# How to profile SIMD

This topic is 1548 days old which is more than the 365 day threshold we allow for new replies. Please post a new topic.

## Recommended Posts

Actually the topic name should be "How to profile code".

Well I am writing SIMD math library. I got 2 implementations SSE and scalar.

I'm not shure how measure the code speed. Currently Im not using optimization, and no debug symbols are generated for profiling.

I'm creating a loop that repeats the operation...

The compiler is cl

I'm expecting SSE dot product to be slower than scalar version?

But the cross product is also slower!?!@

SGE_FORCE_INLINE SGVector vec3_cross(const SGVector& a, const SGVector& b)
{
#if defined(SGE_MATH_USE_SSE)
__m128 T = _mm_shuffle_ps(a.m_M128, a.m_M128, SGE_SIMD_SHUFFLE(1, 2, 0, 3)); //(Y Z X 0)
__m128 V = _mm_shuffle_ps(b.m_M128, b.m_M128, SGE_SIMD_SHUFFLE(1, 2, 0, 3)); //(Y Z X 0)

//i(ay*bz - by*az)  + j(bx*az - ax*bz)  + k(ax*by - bx*ay)
T = _mm_mul_ps(T, b.m_M128);//bx * ay, by * az, bz * ax
V = _mm_mul_ps(V, a.m_M128);//ax * by, ay * bz, az * bx
V = _mm_sub_ps(V, T);

V = _mm_shuffle_ps(V, V, SGE_SIMD_SHUFFLE(1, 2, 0, 3));
return SGVector(V);
#else
const float x = (a.y*b.z) - (b.y*a.z);
const float y = (b.x*a.z) - (a.x*b.z);
const float z = (a.x*b.y) - (b.x,a.y);

return SGVector(x, y, z, 0.f);
#endif
}

where SGVector is struct with union{ struct {float x,y,z;}; float arr[4]; __m128 m_M128}. (maybe that is the problem?!)

EDIT : maybe __forceinline is involed too!? I will remove it.

Edited by imoogiBG

##### Share on other sites

Currently Im not using optimization

Ah? If you want to measure performance you need to compile using optimizations. at least /O2, otherwise every instruction will go through memory.

The best tool for profiling is Intel's VTune, they have 30 days free trial. Visual studio comes with a profiler you can use as well. If you want to profile yourself, you can use the timestamp counter (rdtcs instruction, visual studio has an intinsic).

__forceinline is very good for performance, I use it almost everywhere in performance critical code.

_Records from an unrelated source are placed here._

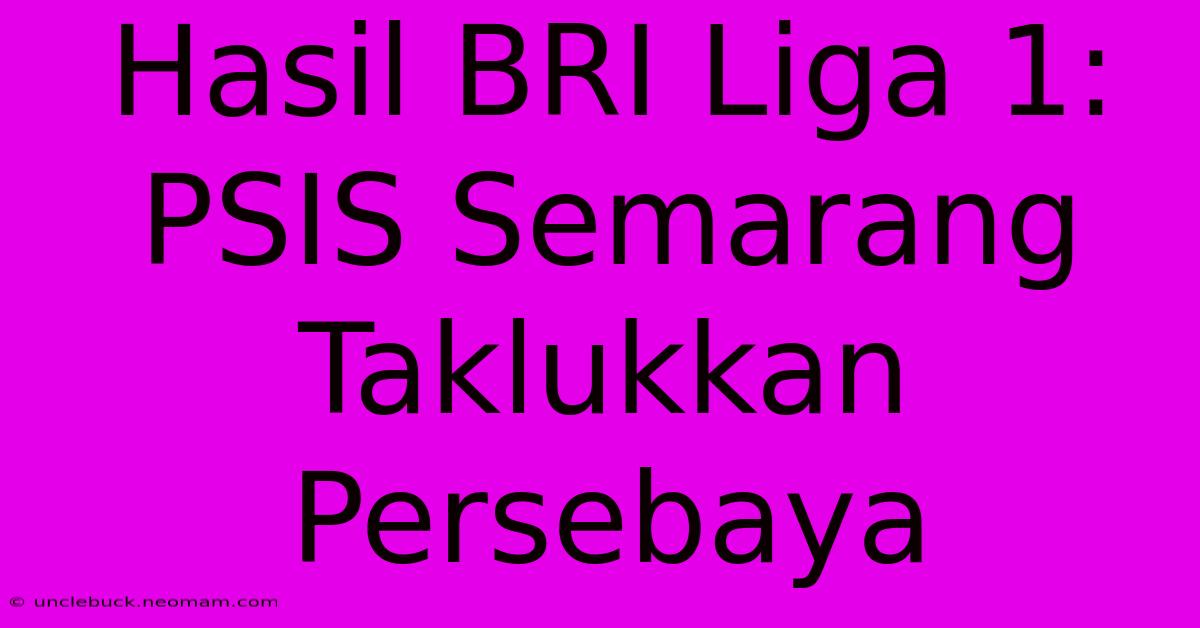 Hasil BRI Liga 1: PSIS Semarang Taklukkan Persebaya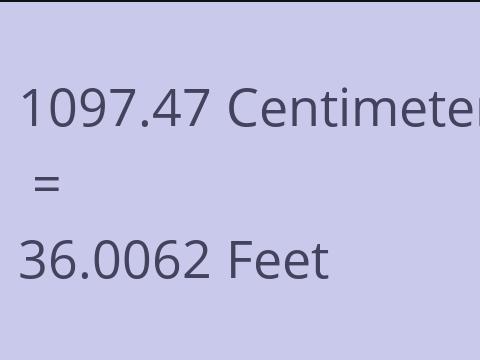 1097.47 CM TO FEET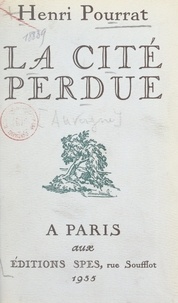 Henri Pourrat - La cité perdue.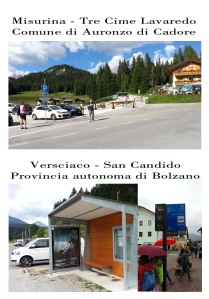 Netto contrasto per quanto rigurda i servizi offerti ai turisti dal Comune di Auronzo di Cadore a Misurina e i Comuni della Provincia Autonoma del Trentino Alto Adige di San Candido e Versciaco: nella prima foto si nota l'area anonima per il bus senza pensilina né tabelle orarie, mentre a Versciaco e a San Candido nella vicina Val Pusteria i viaggiatori che si muovono in bus possono contare su tutt'altro trattamento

The problem is probably the shuffles. Not sure what CPU you are using, but shuffle performance is limited. You have 3 shuffles and 3 math instructions, which is not a good ratio. The SSE math instructions have data dependency on the shuffles, which will stall the CPU pipeline.

Also, your inputs and outputs are structs. Even though you pass them by reference, both shuffles and return values will got through memory (probably, need to look at the generated assembly).

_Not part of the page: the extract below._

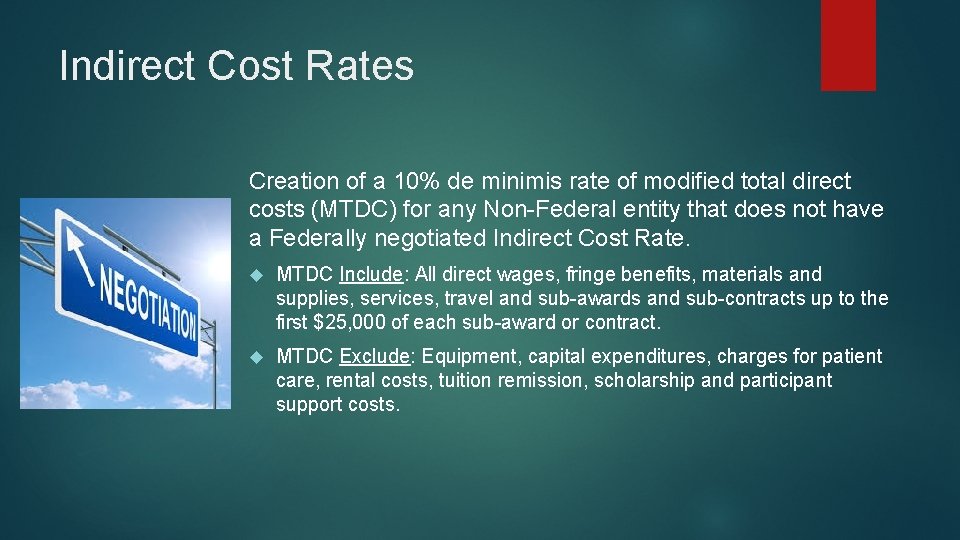 Indirect Cost Rates Creation of a 10% de minimis rate of modified total direct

To maximize SSE performance you need to design your whole code around it. Have long SSE math sequences, and reduce the amount of memory acceses and shuffles.

BTW, you can tell CL to use scalar SSE for floating-point instructions by using /arch:SSE. Check this.

Edited by satanir

##### Share on other sites
I'd have to say there are a couple good and bad suggestions here. Rob has the best good suggestion, don't profile a function, profile it within a real application. The other suggestion about using force inline, don't, you are overriding a compiler's decision making, which given that recent compilers are generally more knowledgeable than you are about when it makes sense to inline is a bad idea. (Inline in general is a deprecated and ignored C++ feature due to this.) Calling a single function to get the timing repeatedly only tells you the absolute minimum cycles the set of instructions can execute in. I can do that without a computer simply using Intel Intrinsics Guide and about 5 minutes looking up the instructions, this is not very useful. With SIMD you have instruction latencies (other operations have latencies also, just not usually as severe) and the compilers are very good at interleaving other operations with the SIMD code to hide those latencies. My cross product is actually:

static const int	swizzle1	=	_MM_SHUFFLE( 3, 0, 2, 1 );
static const int	swizzle2	=	_MM_SHUFFLE( 3, 1, 0, 2 );

__m128	v1	=	_mm_shuffle_ps( lhs, lhs, swizzle1 );
__m128	v2	=	_mm_shuffle_ps( rhs, rhs, swizzle2 );
__m128	v3	=	_mm_shuffle_ps( lhs, lhs, swizzle2 );
__m128	v4	=	_mm_shuffle_ps( rhs, rhs, swizzle1 );

__m128	p1	=	_mm_mul_ps( v1, v2 );
__m128	p2	=	_mm_mul_ps( v3, v4 );

__m128	result	=	_mm_sub_ps( p1, p2 );

Yup, one more shuffle in that code, but both in latency counting and in real code, this is the better solution for the compiler to optimize with given that the primary stall is between the last shuffle and the first multiply. The compiler can easily find ALU/FPU operations from other code around this inlined function to hide the single big stall and only needs a couple more instructions to hide the smaller stalls between the muls and the sub and of course actually "using" the result is delayed a bit.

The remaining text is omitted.